▶ [What you have to do]
Exact copy, no pictures: return all the data below as written.

▶ [Dataset excerpt]
- Opening Delimiter -

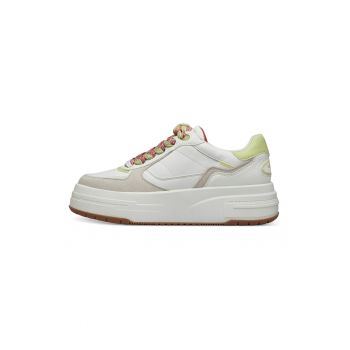 Pantofi sport flatform cu garnituri de piele intoarsa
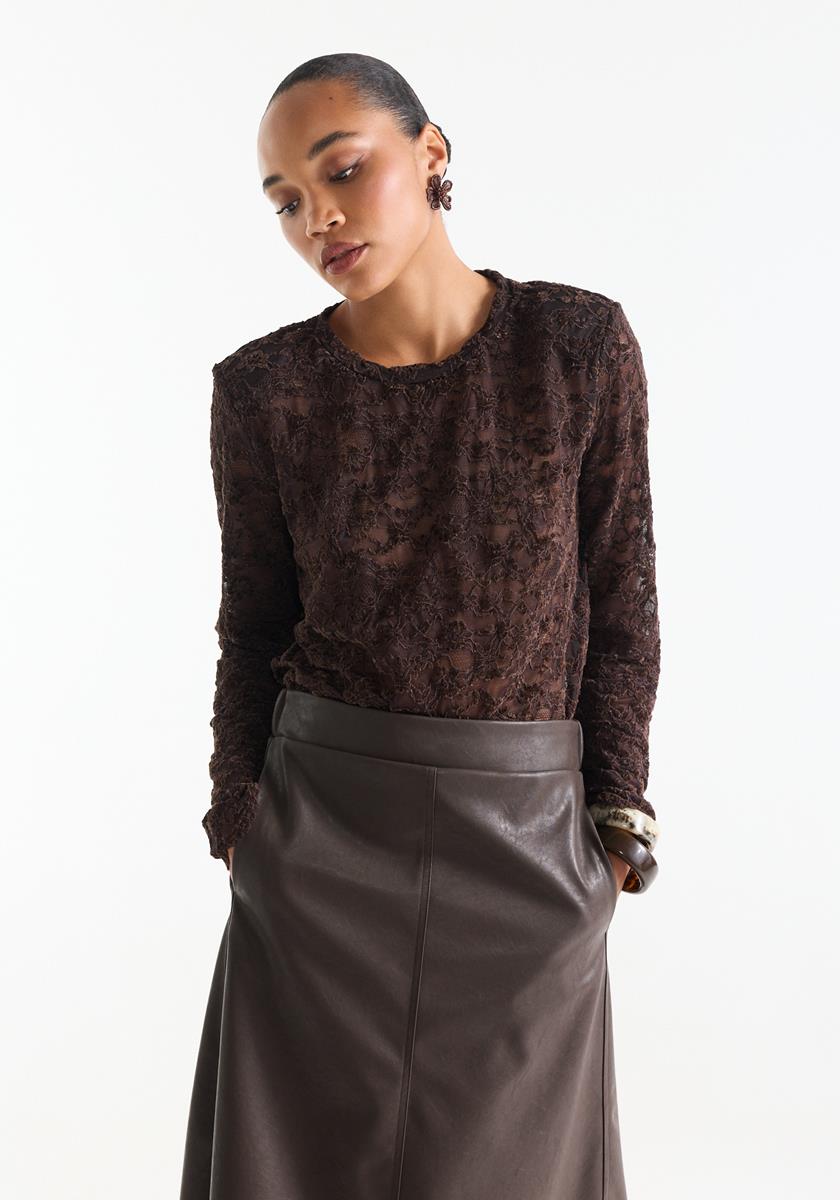 Kiki Bruine kanten top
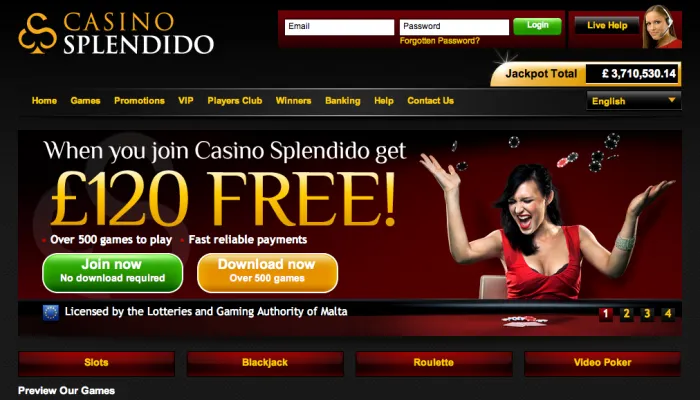 Casino Splendido Review Header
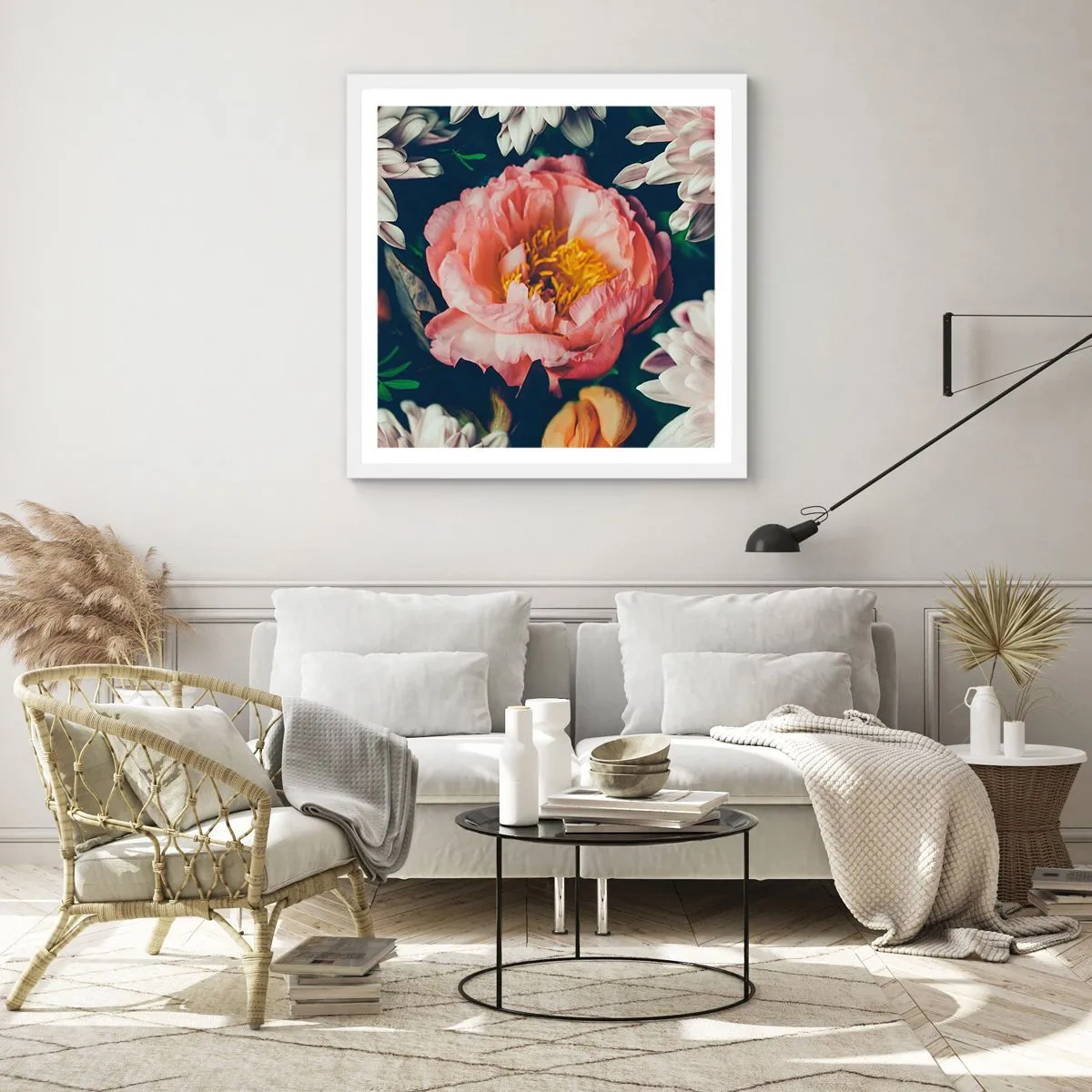 Plakat i hvid ramme - Med barok pragt - 60x60 cm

- Closing Delimiter -

▶ [Result of this exercise]
 Pantofi sport flatform cu garnituri de piele intoarsa
 Kiki Bruine kanten top
 Casino Splendido Review Header
 Plakat i hvid ramme - Med barok pragt - 60x60 cm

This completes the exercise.